Some attacks on Zohran Mamdani’s mayoral campaign have focused on his plans to create city-owned grocery stores, make bus rides free, offer baby baskets of diapers to new parents and freeze rent for over two million New Yorkers. One of the stranger and more personal attacks focused on his summer scavenger hunt. Mr. Mamdani, who is 33 and a State Assembly member, went from one little-known nook of New York to another — and was promptly denounced as unfit for office.
A member of the New York Post’s editorial board called his base “adult-kickball-league D.S.A.-nerd Mamdani cultists” in a jeremiad against the scavenger hunt. Mayor Eric Adams suggested on social media, before leaving the race last week, that the scavenger hunt was nefarious. Former Gov. Andrew Cuomo, who is running against Mr. Mamdani for the mayoralty, sneered at it. The ability of a simple scavenger hunt to rile Mr. Mamdani’s detractors showcased a panic that seemingly unites many in the political old guard, even if they didn’t name it: The youngest Americans are taking over American life.
Younger Americans are sometimes derided for apathy about politics. But that indifference is almost entirely a product of established politicians’ appearances on cable news and occasional social media clips, as I’ve seen time and again in my role at the University of Chicago’s Institute of Politics. Many younger Americans are eagerly seeking out politicians and pundits of their own age.
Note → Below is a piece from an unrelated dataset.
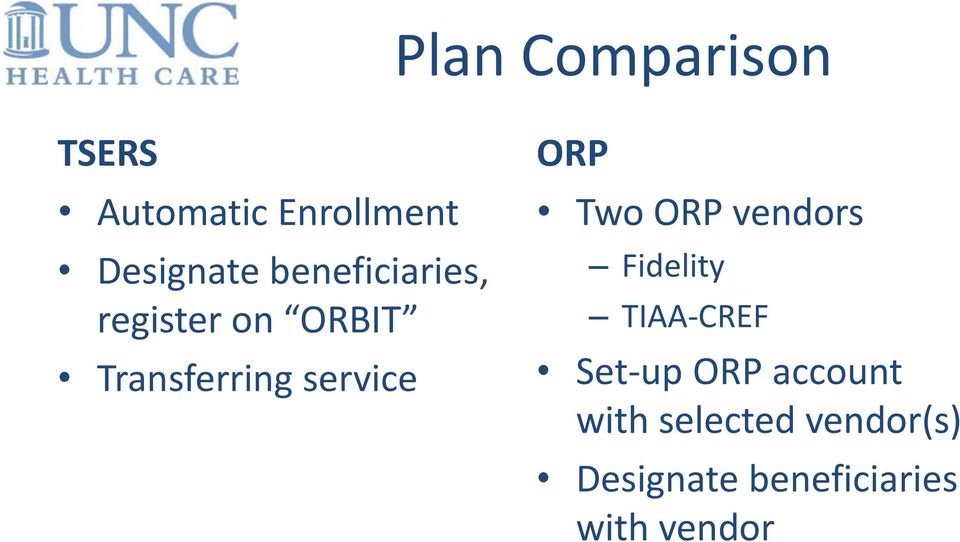 ORP Two ORP vendors Fidelity TIAA-CREF Set-up ORP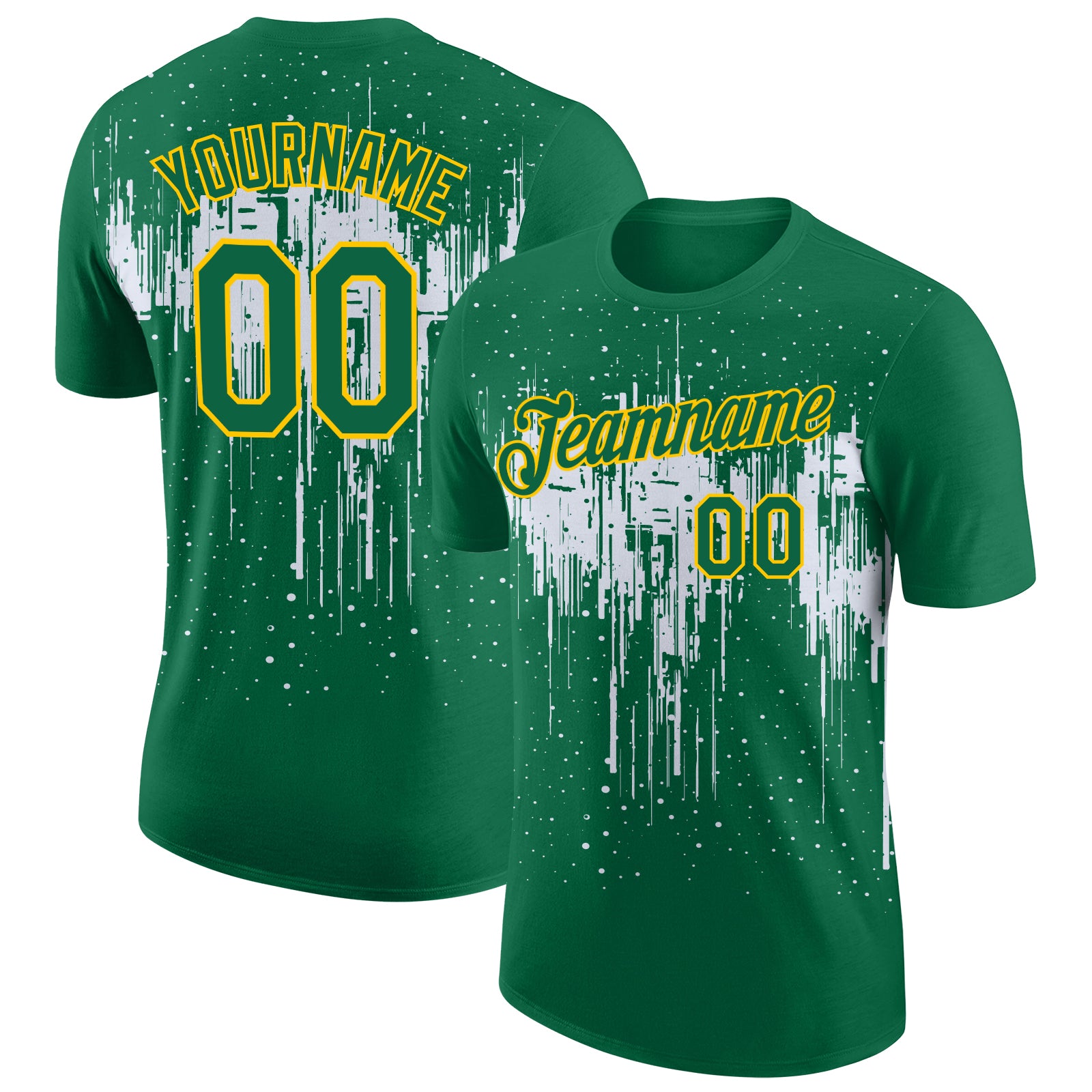 Custom Kelly Green White-Yellow Dripping Splatter Paint Performance T-Shirt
They are united not by one political platform but by establishment politicians’ inability to relate to younger Americans. Younger officials seem better placed to offer plausible road maps to our students, showing near-term solutions to problems where long-term solutions are often hazy.
This is true on the left and the right. Charlie Kirk understood this, and he was able to convert that enthusiasm into engagement for himself and votes for Republicans. There are very few among the political old guard who could fill a lawn with 3,000 people on any campus in America right now, but he could.
Young politicians will always be criticized by their elders for inexperience, and in politics, “young” doesn’t just mean the under-40 crowd. Barack Obama faced these attacks when he ran for president in 2008 as a barely seasoned U.S. senator. When I covered City Hall in 2001, Michael Bloomberg — the businessman who was nearly 60 when he first ran for mayor — was targeted for his lack of political perspicacity.
The hand-wringing in those cases did not carry the same get-off-my-lawn vibes that characterize jabs at this generation of newcomers — younger millennials and members of Generation Z, mostly. The ire for Mr. Mamdani and other young political hopefuls borrows from tropes about young Americans’ dues-skipping sense of professional entitlement.